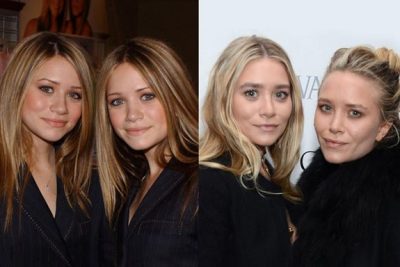 Ashley Olsen Plastic Surgery Before & After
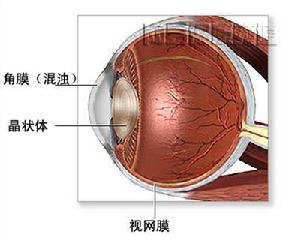 綠膿桿菌性角膜潰瘍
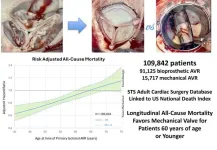 New study finds mechanical valves offer superior long-term survival for aortic valve replacement patients aged 60 and younger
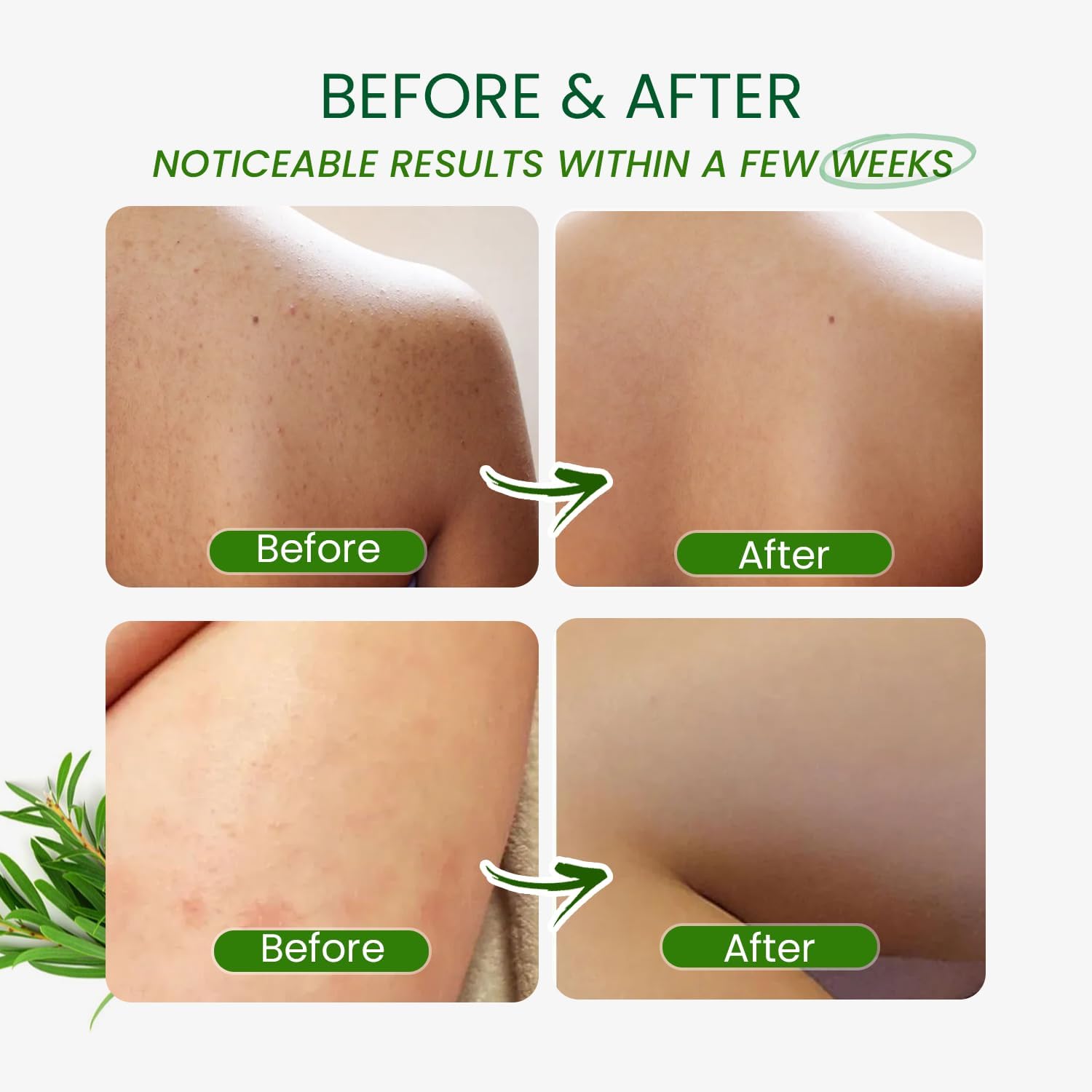 PHARMBANNER Tea Tree Antifungal Body Wash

____________

Quote the listing above in full, except for the pictures.

◆ **RESPONSE FOR THIS EXERCISE**:
 Ashley Olsen Plastic Surgery Before & After
 綠膿桿菌性角膜潰瘍
 New study finds mechanical valves offer superior long-term survival for aortic valve replacement patients aged 60 and younger
 PHARMBANNER Tea Tree Antifungal Body Wash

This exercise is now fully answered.